Step 5. Reflect on your wins, highlight things that aren’t working, and iterate your plans.
Estimated Time — 1-2 hours.
Let’s assume that the show that I’ve launched doesn’t work — that nobody is interested in buying it and producing it and turning it into anything more than a series of videos that I might post on my YouTube channel.
That’s okay — for me, I learned so much in that process about what TV production looks like, what components go into it, and how to execute on those things that, for me, it was totally worth it if the idea completely goes to shit.
In the worst case, I have tons of great video content that I can use to later sell me and what I’m building.
It’s never entirely useless.
Often you’ll find that many of your experiments don’t work — the point isn’t to guarantee success here, it’s to simply try things.
In a separate database in Notion, I’ll often take an hour or two at the end of every month to write down wins, highlights, what went well, things I’ve procrastinated on, and so on.
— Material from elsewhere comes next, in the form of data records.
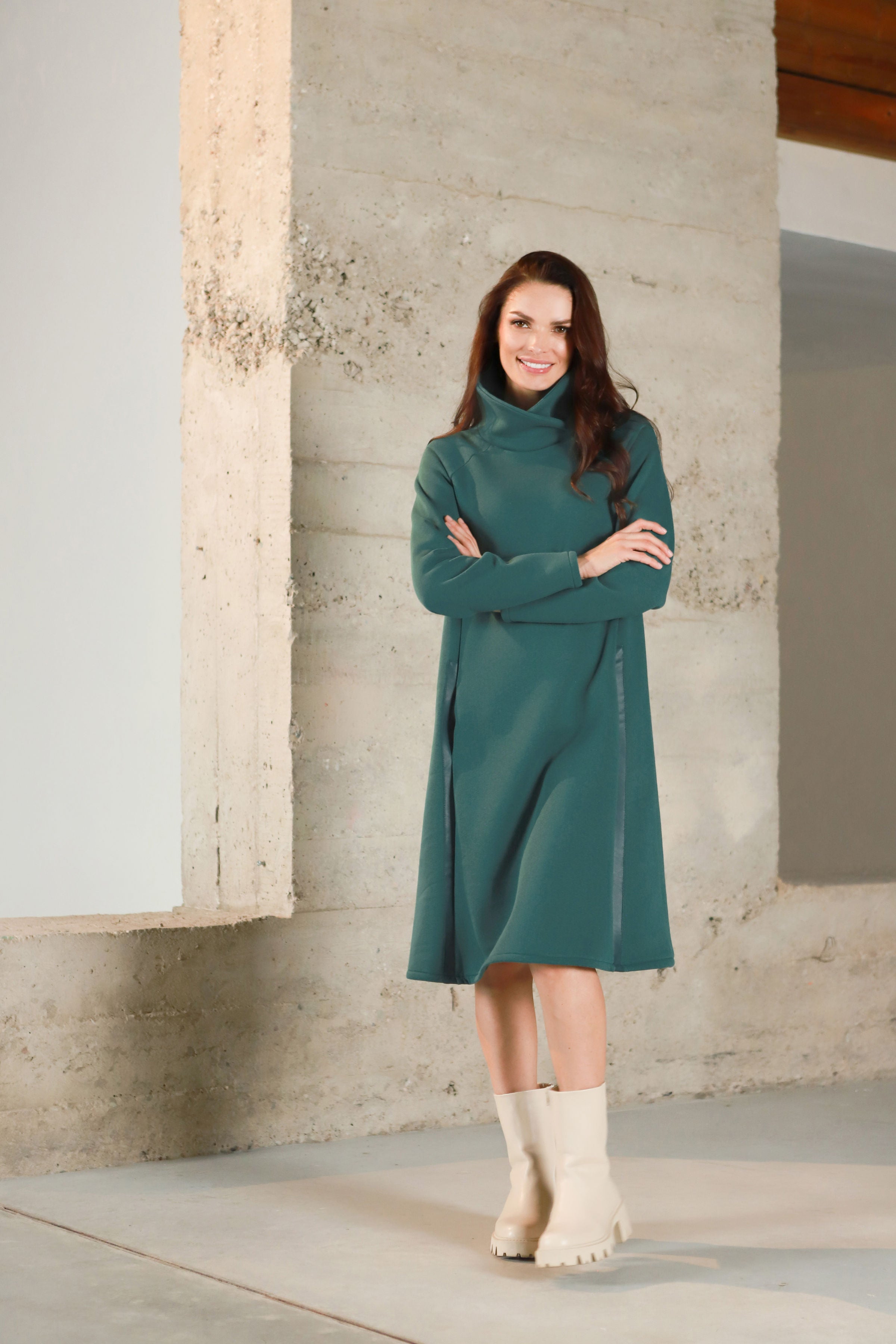 Medvilnės su pūkeliu suknelė aukštu kaklu „ŠAFRANA“ vandenyno t. žalia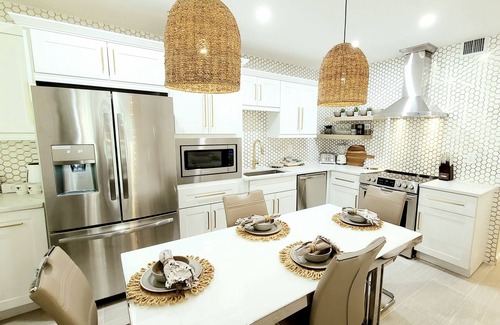 Jupiter Condominio | POSHPADZ Presents Coco Villa -2 Patios-Ground Floor-Walk to Jupiter Beach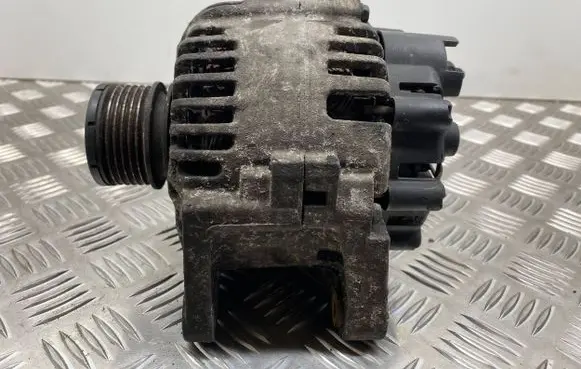 Renault Clio II Generator/alternator 8200386806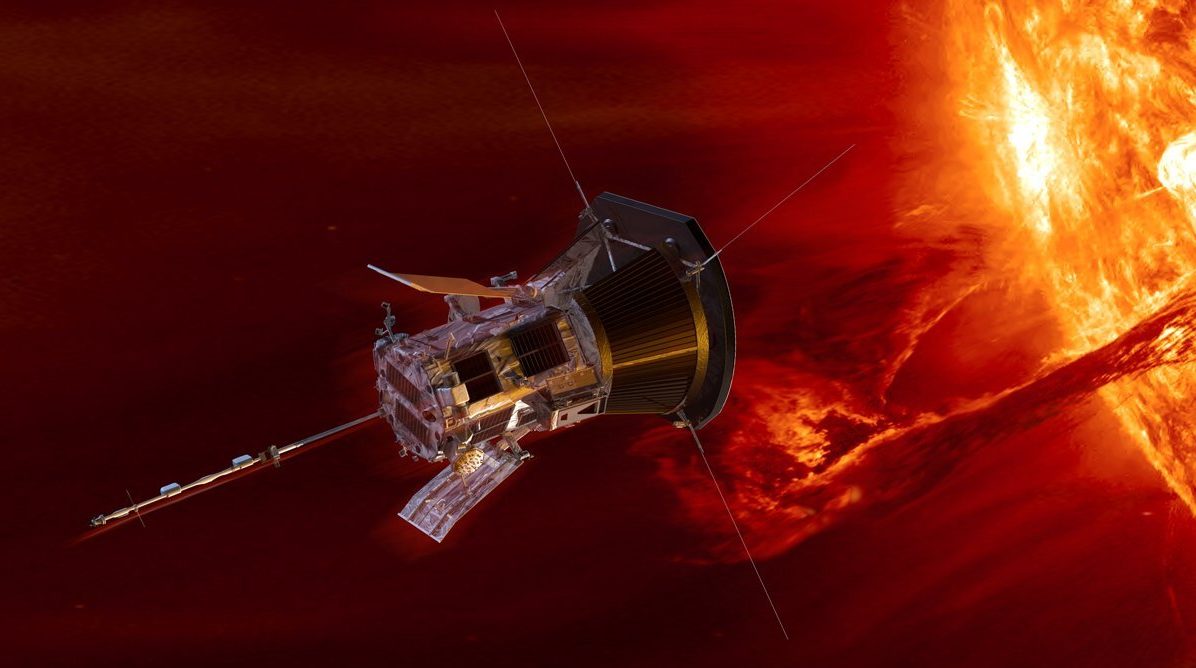 Космический корабль приближается к поверхности Солнца на высокой скорости на расстоянии 8,5 миллионов километров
Here’s what one of those pages will typically look like:
This works to remind me that, often, I do a lot in a given month even if it feels like I haven’t done shit.
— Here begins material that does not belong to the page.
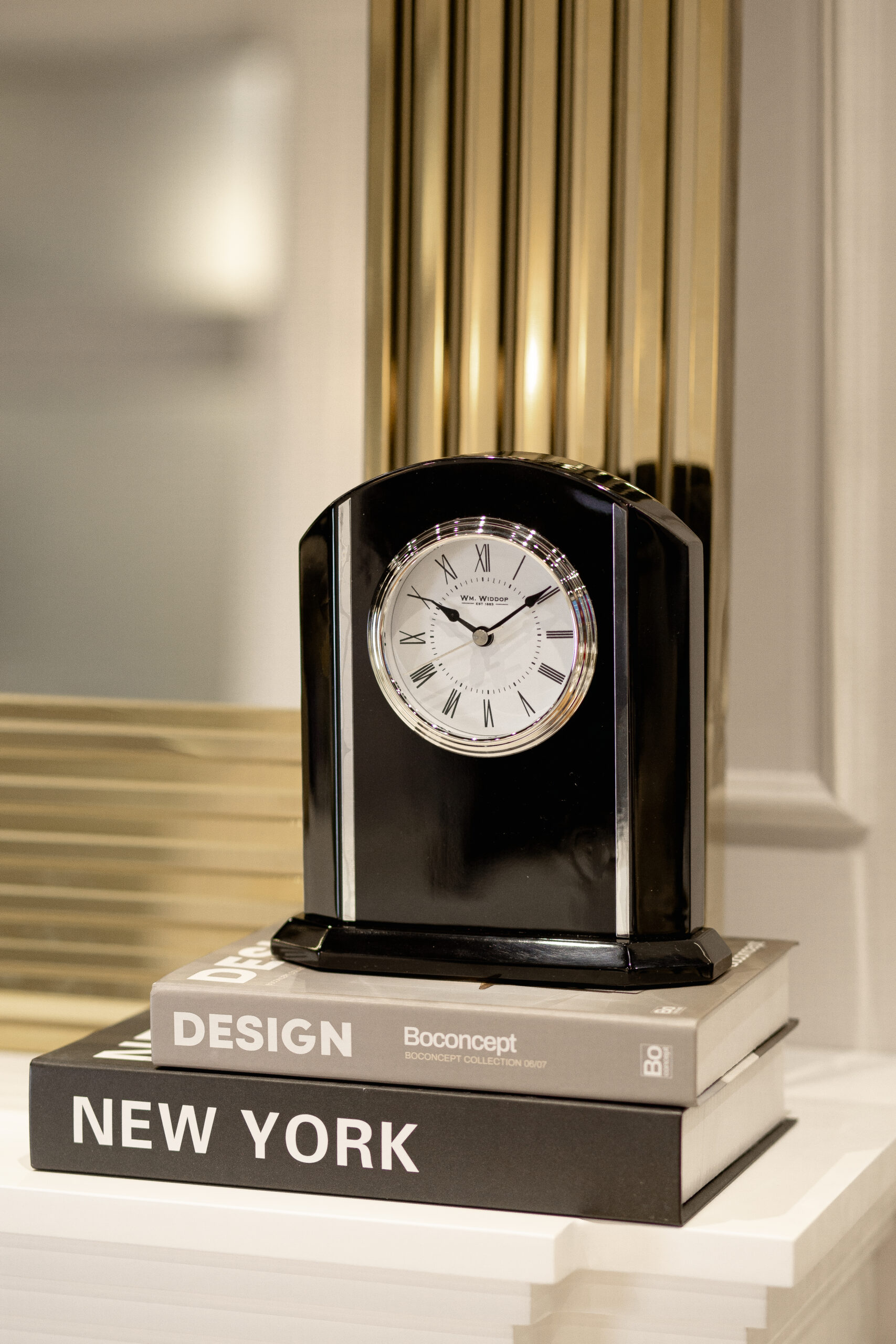 ZEGAR STOJĄCY kominkowy z drewna fortepianowego i szkła, czarny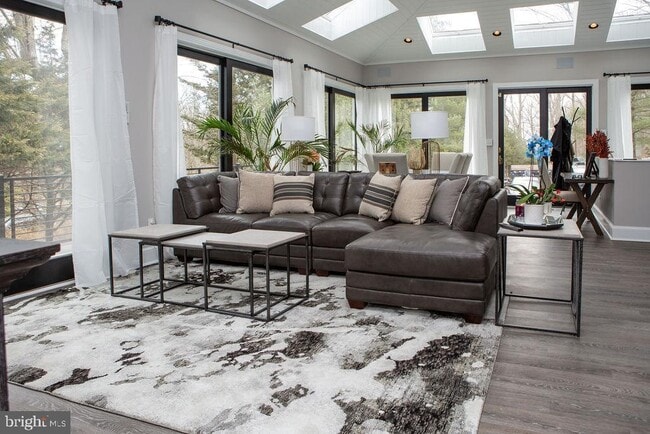 property at 15841 York Rd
But beyond that, if I see that I’m often procrastinating on something that I say I’ll do, it forces me to either take even smaller steps to bring that idea into fruition, or to simply give up on it.
That’s huge — executing on your dreams and visions is as much about eliminating things to focus on as it is choosing which areas to focus on.
Years later, that list that I’d created in Evernote now looks something like this:
It’s alarming how much can change in just a few years.
Most of the things that I’d accomplished often happened unconsciously — they were simply a by-product of relationships I’d built, luck, or circumstance.
Many of the goals just happened because of some strange turn my life had taken due to unforeseen circumstances — I never planned to live in Europe, for example, but Covid sent me here to Istanbul since my Visa was about to expire in Japan.
And there are dozens of other dreams and things that I’ve accomplished over the last few years that I didn’t even include on that list, too — epic, 200+ person parties that I’d organized with friends; a pivot into filmmaking; beautiful photography; amazing, life-changing mentorships and romantic relationships, etc.
Recently, my life has felt like a video game — I just level-up every quarter or every year or so, and not every hour.
And a lot of those accomplishments simply stemmed from that act of actively writing down my dreams.
Several weeks ago I went on a wonderful date with someone who was kind, thoughtful, who I connected with, and who was absolutely beautiful, in the middle of one of my favorite cities in the world.
It was one of those moments where you just think, somebody wake me up from this beautiful dream, please.
I looked up into the sky as we were holding each other’s hands and just smiled and said out loud, “What. Is. My. Life?”
“What do you mean?” she asked.
“I just mean… this is great.”
And I looked at her and I smiled and that was it.
The sad thing about life is that, at some point, if you want to, you will get everything you’ve ever wanted and more.
That’s also the beautiful part, too.